Exercise
The answer must consist of the listing, reproduced exactly.

Source data section start

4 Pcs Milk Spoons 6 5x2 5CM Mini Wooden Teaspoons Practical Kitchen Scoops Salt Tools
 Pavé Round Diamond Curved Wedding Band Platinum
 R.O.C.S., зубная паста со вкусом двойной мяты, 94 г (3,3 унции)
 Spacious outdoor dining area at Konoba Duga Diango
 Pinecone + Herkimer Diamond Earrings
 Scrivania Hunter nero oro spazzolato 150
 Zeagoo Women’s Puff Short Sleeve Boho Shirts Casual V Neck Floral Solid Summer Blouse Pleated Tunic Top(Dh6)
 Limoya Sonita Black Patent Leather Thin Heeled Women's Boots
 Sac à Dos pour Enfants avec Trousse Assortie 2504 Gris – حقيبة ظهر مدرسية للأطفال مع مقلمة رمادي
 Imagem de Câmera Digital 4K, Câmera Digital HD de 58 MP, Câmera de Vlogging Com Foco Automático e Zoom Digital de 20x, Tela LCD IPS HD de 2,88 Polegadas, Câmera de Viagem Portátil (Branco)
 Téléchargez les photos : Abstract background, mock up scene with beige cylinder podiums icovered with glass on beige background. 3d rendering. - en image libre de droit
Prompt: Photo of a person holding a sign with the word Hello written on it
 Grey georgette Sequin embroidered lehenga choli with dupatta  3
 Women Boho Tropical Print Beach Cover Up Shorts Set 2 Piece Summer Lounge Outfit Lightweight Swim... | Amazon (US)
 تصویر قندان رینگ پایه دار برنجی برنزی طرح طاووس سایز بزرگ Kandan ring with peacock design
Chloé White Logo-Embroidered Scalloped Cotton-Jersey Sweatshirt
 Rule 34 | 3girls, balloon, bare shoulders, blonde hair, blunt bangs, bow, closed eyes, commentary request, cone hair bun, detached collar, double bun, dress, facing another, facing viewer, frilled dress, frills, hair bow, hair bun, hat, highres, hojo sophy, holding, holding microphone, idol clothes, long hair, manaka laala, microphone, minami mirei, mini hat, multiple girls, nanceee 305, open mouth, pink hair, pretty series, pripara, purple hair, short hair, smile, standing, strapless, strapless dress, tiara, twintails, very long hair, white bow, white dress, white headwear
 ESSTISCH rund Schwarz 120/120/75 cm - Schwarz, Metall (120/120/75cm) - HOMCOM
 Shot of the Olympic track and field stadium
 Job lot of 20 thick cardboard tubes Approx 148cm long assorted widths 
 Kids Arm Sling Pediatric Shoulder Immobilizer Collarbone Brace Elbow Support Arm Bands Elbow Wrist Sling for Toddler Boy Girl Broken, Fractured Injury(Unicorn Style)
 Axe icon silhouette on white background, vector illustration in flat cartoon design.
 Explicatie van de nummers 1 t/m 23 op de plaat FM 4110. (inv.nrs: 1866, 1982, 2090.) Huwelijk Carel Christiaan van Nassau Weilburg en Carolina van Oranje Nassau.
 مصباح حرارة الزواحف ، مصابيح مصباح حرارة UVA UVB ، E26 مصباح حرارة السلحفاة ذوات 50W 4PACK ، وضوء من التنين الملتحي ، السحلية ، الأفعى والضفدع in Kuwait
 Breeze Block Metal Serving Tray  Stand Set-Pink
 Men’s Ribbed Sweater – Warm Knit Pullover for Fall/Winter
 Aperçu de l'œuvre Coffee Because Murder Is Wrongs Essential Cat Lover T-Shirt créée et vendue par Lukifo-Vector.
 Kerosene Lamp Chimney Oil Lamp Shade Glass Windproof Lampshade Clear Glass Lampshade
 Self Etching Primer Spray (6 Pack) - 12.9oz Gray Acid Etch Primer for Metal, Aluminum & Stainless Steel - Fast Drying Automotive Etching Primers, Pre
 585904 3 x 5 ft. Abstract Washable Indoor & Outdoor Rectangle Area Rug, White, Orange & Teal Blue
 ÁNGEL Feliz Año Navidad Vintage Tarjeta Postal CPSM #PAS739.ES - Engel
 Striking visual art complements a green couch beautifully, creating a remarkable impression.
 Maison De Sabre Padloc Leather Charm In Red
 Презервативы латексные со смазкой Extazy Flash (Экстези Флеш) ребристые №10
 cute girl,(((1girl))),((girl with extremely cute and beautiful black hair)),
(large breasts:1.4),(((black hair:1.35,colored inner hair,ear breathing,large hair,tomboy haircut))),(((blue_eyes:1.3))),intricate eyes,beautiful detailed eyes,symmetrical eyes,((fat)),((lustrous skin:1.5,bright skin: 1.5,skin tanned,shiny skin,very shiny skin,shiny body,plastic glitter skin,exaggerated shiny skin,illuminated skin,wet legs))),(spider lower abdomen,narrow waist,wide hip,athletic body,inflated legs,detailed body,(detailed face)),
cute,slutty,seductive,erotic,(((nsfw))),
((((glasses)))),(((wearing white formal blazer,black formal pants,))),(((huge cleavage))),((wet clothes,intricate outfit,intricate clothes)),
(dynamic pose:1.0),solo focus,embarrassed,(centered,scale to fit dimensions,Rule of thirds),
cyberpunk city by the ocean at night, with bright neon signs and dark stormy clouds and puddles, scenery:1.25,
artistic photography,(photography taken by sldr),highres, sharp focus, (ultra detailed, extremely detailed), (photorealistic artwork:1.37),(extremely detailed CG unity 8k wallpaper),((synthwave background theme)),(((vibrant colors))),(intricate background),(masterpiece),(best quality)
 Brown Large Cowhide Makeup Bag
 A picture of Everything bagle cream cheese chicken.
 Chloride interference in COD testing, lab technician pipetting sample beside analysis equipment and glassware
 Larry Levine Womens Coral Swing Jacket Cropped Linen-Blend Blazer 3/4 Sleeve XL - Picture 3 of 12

Source data section end

Result of the task
4 Pcs Milk Spoons 6 5x2 5CM Mini Wooden Teaspoons Practical Kitchen Scoops Salt Tools
 Pavé Round Diamond Curved Wedding Band Platinum
 R.O.C.S., зубная паста со вкусом двойной мяты, 94 г (3,3 унции)
 Spacious outdoor dining area at Konoba Duga Diango
 Pinecone + Herkimer Diamond Earrings
 Scrivania Hunter nero oro spazzolato 150
 Zeagoo Women’s Puff Short Sleeve Boho Shirts Casual V Neck Floral Solid Summer Blouse Pleated Tunic Top(Dh6)
 Limoya Sonita Black Patent Leather Thin Heeled Women's Boots
 Sac à Dos pour Enfants avec Trousse Assortie 2504 Gris – حقيبة ظهر مدرسية للأطفال مع مقلمة رمادي
 Imagem de Câmera Digital 4K, Câmera Digital HD de 58 MP, Câmera de Vlogging Com Foco Automático e Zoom Digital de 20x, Tela LCD IPS HD de 2,88 Polegadas, Câmera de Viagem Portátil (Branco)
 Téléchargez les photos : Abstract background, mock up scene with beige cylinder podiums icovered with glass on beige background. 3d rendering. - en image libre de droit
Prompt: Photo of a person holding a sign with the word Hello written on it
 Grey georgette Sequin embroidered lehenga choli with dupatta  3
 Women Boho Tropical Print Beach Cover Up Shorts Set 2 Piece Summer Lounge Outfit Lightweight Swim... | Amazon (US)
 تصویر قندان رینگ پایه دار برنجی برنزی طرح طاووس سایز بزرگ Kandan ring with peacock design
Chloé White Logo-Embroidered Scalloped Cotton-Jersey Sweatshirt
 Rule 34 | 3girls, balloon, bare shoulders, blonde hair, blunt bangs, bow, closed eyes, commentary request, cone hair bun, detached collar, double bun, dress, facing another, facing viewer, frilled dress, frills, hair bow, hair bun, hat, highres, hojo sophy, holding, holding microphone, idol clothes, long hair, manaka laala, microphone, minami mirei, mini hat, multiple girls, nanceee 305, open mouth, pink hair, pretty series, pripara, purple hair, short hair, smile, standing, strapless, strapless dress, tiara, twintails, very long hair, white bow, white dress, white headwear
 ESSTISCH rund Schwarz 120/120/75 cm - Schwarz, Metall (120/120/75cm) - HOMCOM
 Shot of the Olympic track and field stadium
 Job lot of 20 thick cardboard tubes Approx 148cm long assorted widths 
 Kids Arm Sling Pediatric Shoulder Immobilizer Collarbone Brace Elbow Support Arm Bands Elbow Wrist Sling for Toddler Boy Girl Broken, Fractured Injury(Unicorn Style)
 Axe icon silhouette on white background, vector illustration in flat cartoon design.
 Explicatie van de nummers 1 t/m 23 op de plaat FM 4110. (inv.nrs: 1866, 1982, 2090.) Huwelijk Carel Christiaan van Nassau Weilburg en Carolina van Oranje Nassau.
 مصباح حرارة الزواحف ، مصابيح مصباح حرارة UVA UVB ، E26 مصباح حرارة السلحفاة ذوات 50W 4PACK ، وضوء من التنين الملتحي ، السحلية ، الأفعى والضفدع in Kuwait
 Breeze Block Metal Serving Tray  Stand Set-Pink
 Men’s Ribbed Sweater – Warm Knit Pullover for Fall/Winter
 Aperçu de l'œuvre Coffee Because Murder Is Wrongs Essential Cat Lover T-Shirt créée et vendue par Lukifo-Vector.
 Kerosene Lamp Chimney Oil Lamp Shade Glass Windproof Lampshade Clear Glass Lampshade
 Self Etching Primer Spray (6 Pack) - 12.9oz Gray Acid Etch Primer for Metal, Aluminum & Stainless Steel - Fast Drying Automotive Etching Primers, Pre
 585904 3 x 5 ft. Abstract Washable Indoor & Outdoor Rectangle Area Rug, White, Orange & Teal Blue
 ÁNGEL Feliz Año Navidad Vintage Tarjeta Postal CPSM #PAS739.ES - Engel
 Striking visual art complements a green couch beautifully, creating a remarkable impression.
 Maison De Sabre Padloc Leather Charm In Red
 Презервативы латексные со смазкой Extazy Flash (Экстези Флеш) ребристые №10
 cute girl,(((1girl))),((girl with extremely cute and beautiful black hair)),
(large breasts:1.4),(((black hair:1.35,colored inner hair,ear breathing,large hair,tomboy haircut))),(((blue_eyes:1.3))),intricate eyes,beautiful detailed eyes,symmetrical eyes,((fat)),((lustrous skin:1.5,bright skin: 1.5,skin tanned,shiny skin,very shiny skin,shiny body,plastic glitter skin,exaggerated shiny skin,illuminated skin,wet legs))),(spider lower abdomen,narrow waist,wide hip,athletic body,inflated legs,detailed body,(detailed face)),
cute,slutty,seductive,erotic,(((nsfw))),
((((glasses)))),(((wearing white formal blazer,black formal pants,))),(((huge cleavage))),((wet clothes,intricate outfit,intricate clothes)),
(dynamic pose:1.0),solo focus,embarrassed,(centered,scale to fit dimensions,Rule of thirds),
cyberpunk city by the ocean at night, with bright neon signs and dark stormy clouds and puddles, scenery:1.25,
artistic photography,(photography taken by sldr),highres, sharp focus, (ultra detailed, extremely detailed), (photorealistic artwork:1.37),(extremely detailed CG unity 8k wallpaper),((synthwave background theme)),(((vibrant colors))),(intricate background),(masterpiece),(best quality)
 Brown Large Cowhide Makeup Bag
 A picture of Everything bagle cream cheese chicken.
 Chloride interference in COD testing, lab technician pipetting sample beside analysis equipment and glassware
 Larry Levine Womens Coral Swing Jacket Cropped Linen-Blend Blazer 3/4 Sleeve XL - Picture 3 of 12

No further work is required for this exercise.